Mike's Minute: Still plenty of unanswered economic questions

Author
Mike Hosking,
Publish Date
Tue, 27 Oct 2020, 9:55AM

If you want to feel good about life in this country right now, read Tony Alexander's piece over the weekend.

He's one of my favourite economists. He paints a solid, if not rosy, picture over what's supposedly going on. Spending is good, spending intention is good, confidence is rising, housing is through the roof, even aspects of commercial property have good demand.

That will lead to a shortage of skills as job numbers rise.
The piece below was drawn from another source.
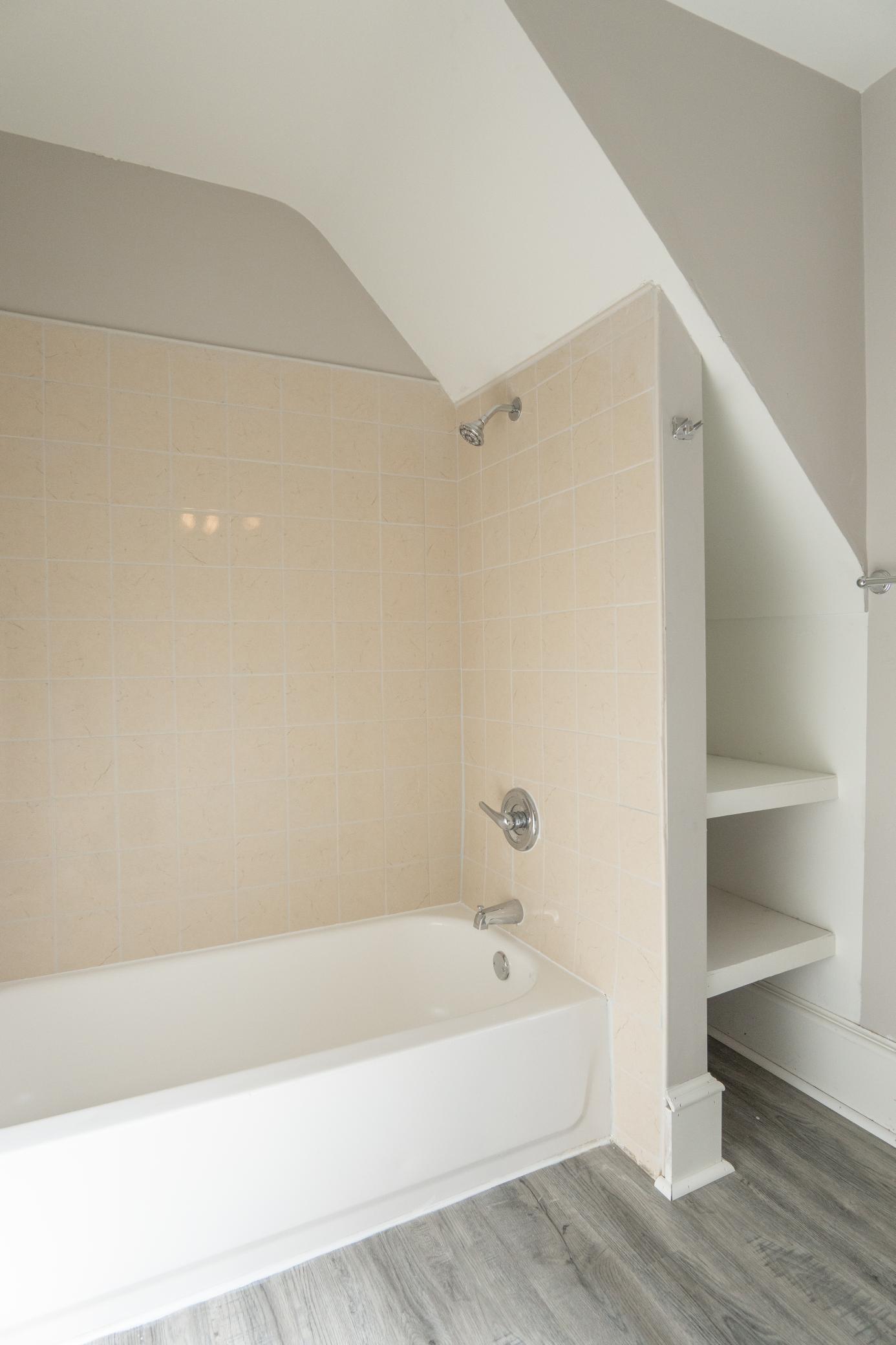 View of Residential at 1606 Concordia Avenue, Saint Paul MN 55104, Saint Paul (21 of 33) - Mike Wilen | Minnesota Team Real Estate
People are into building homes, which means demand for land, demand for planners, architects, builders, plumbers, suppliers of stuff those people use and install, and so it goes.

So, it's all good then?

Well, explain the CPI, the Consumer Price Index, or inflation. There isn't any. Well, there is a bit, 1.7 percent. but they're looking for over two percent.

Inflation, in really simple terms, means growth and demand. You don't want too much, but you don't want too little. We have too little, which then led in reportage to the question, does the Reserve Bank need to print a bit more money? Do they have to introduce the funding for lending programme sooner? Do they need to go negative on the interest rates?

But last week before we left for the long weekend ,there was talk of LVRs. Why? Because we were borrowing too much for housing.

If the bank needs to stoke the economy with more money or lower interest rates, doesn’t that mean we are going to borrow even more? And if we do, what are we spending it on? Where is the so-called inflation going to come from? And on the bigger side of the equation, when is all this borrowed money getting paid back?

Is Tony Alexander right? And we can have closed borders but a decent economy? Or is the CPI right and a few people do well, while others go nowhere fast and ultimately there is no real growth? And what does the Reserve Bank do if the tools they have aren't working? Or are they working too well, but in the wrong areas? Ah, the problem of blunt instruments.

Seems hard to believe that a country built on tourism and farms has one of those income streams crippled for the foreseeable future, and things somehow carry on. Is every unemployed hotel worker really going to build roads?

I can't help but think a lot of what we think is happening is a guess, a lot of what we hear by way of predictions is hope as much as knowledge.

I think for all we think we know, there is a hell of a lot more we don’t.